* _Raw data_:
----

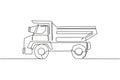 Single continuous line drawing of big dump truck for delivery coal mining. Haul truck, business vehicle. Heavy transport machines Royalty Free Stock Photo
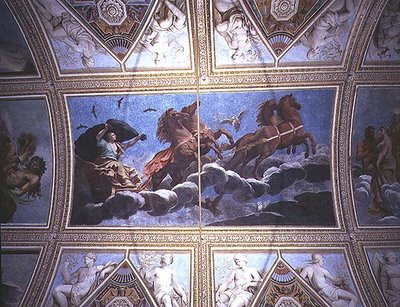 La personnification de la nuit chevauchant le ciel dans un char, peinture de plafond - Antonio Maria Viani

----

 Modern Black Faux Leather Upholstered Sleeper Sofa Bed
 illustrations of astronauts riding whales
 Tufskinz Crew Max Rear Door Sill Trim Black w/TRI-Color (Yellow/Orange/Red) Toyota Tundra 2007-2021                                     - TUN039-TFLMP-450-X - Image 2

----

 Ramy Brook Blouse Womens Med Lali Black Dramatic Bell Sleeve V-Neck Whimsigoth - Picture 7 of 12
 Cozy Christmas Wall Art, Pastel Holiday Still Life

----

* _Task requirements_:
Taking the entries above, extract every line from the one bearing "Single continuous line" through the one bearing "La personnification de", exactly, with no pictures.

* _Solved exercise_:
 Single continuous line drawing of big dump truck for delivery coal mining. Haul truck, business vehicle. Heavy transport machines Royalty Free Stock Photo
 La personnification de la nuit chevauchant le ciel dans un char, peinture de plafond - Antonio Maria Viani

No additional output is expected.